Collected data:
☆ ☆ ☆
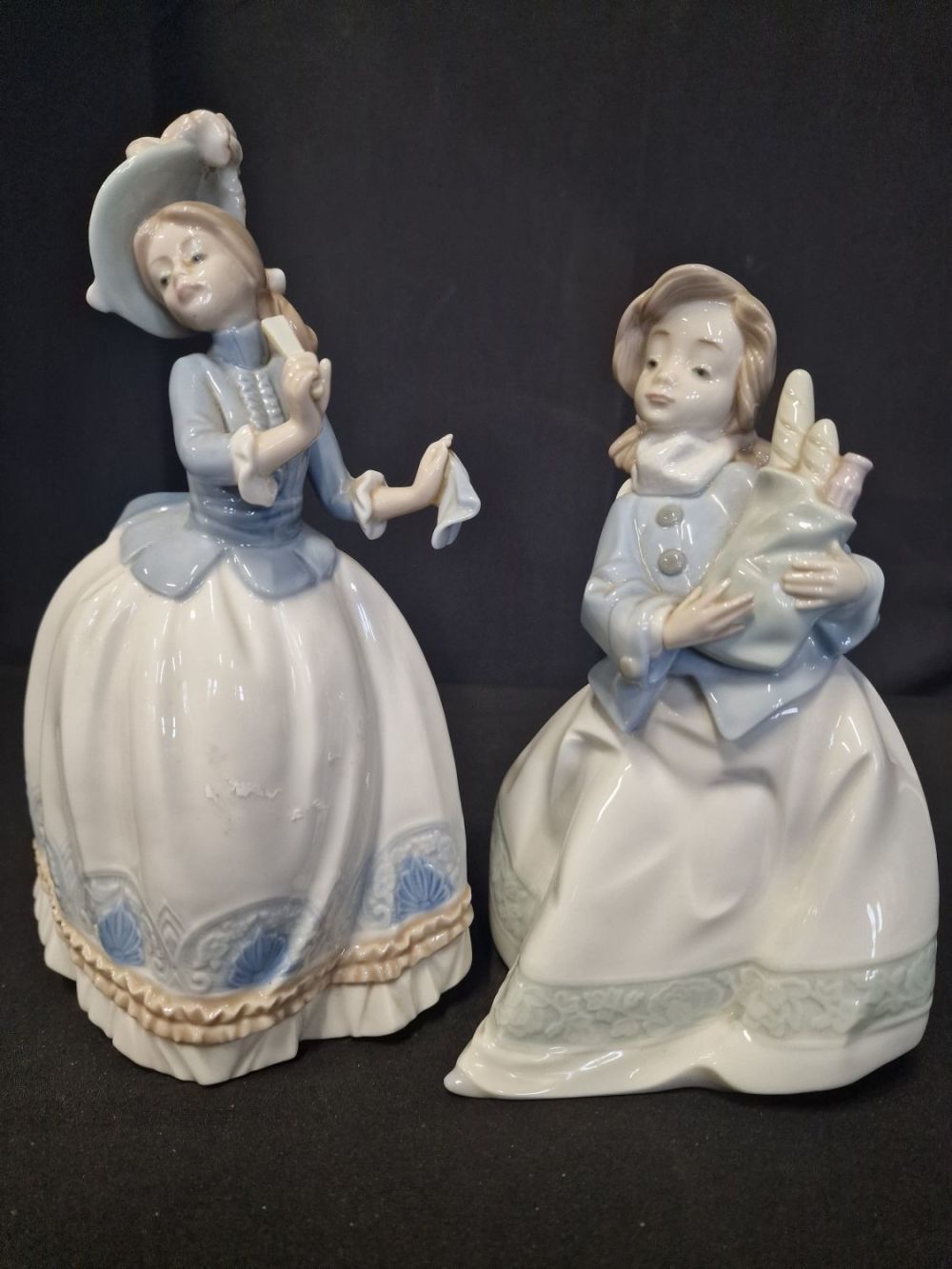 Lot 354: Two Nao by Lladro figurines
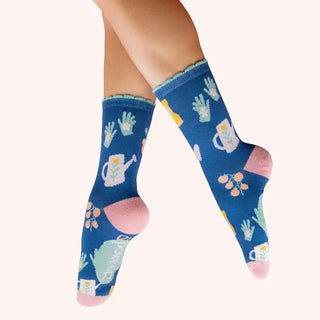Colorful socks with gardening-themed design on a white background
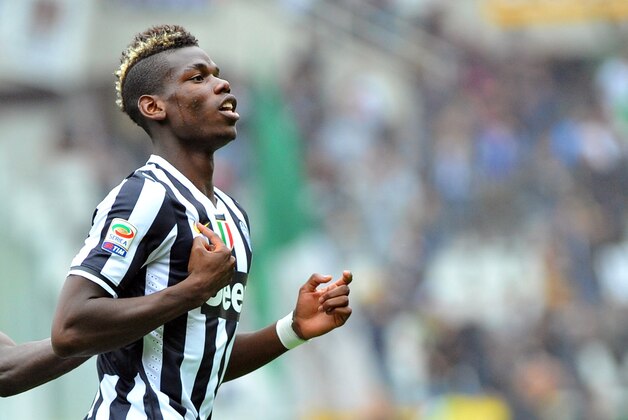 Juventus midfielder Paul Pogba of France celebrates after scoring, during a Serie A soccer match between Torino and Juventus, at the Olympic stadium, in Turin, Italy, Sunday, Sept. 29, 2013. (AP Photo/Massimo Pinca)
☆ ☆ ☆
Task brief: Make an exact copy of all the material, but keep the pictures out of it.

Exercise solution:
 Lot 354: Two Nao by Lladro figurines
Colorful socks with gardening-themed design on a white background
 Juventus midfielder Paul Pogba of France celebrates after scoring, during a Serie A soccer match between Torino and Juventus, at the Olympic stadium, in Turin, Italy, Sunday, Sept. 29, 2013. (AP Photo/Massimo Pinca)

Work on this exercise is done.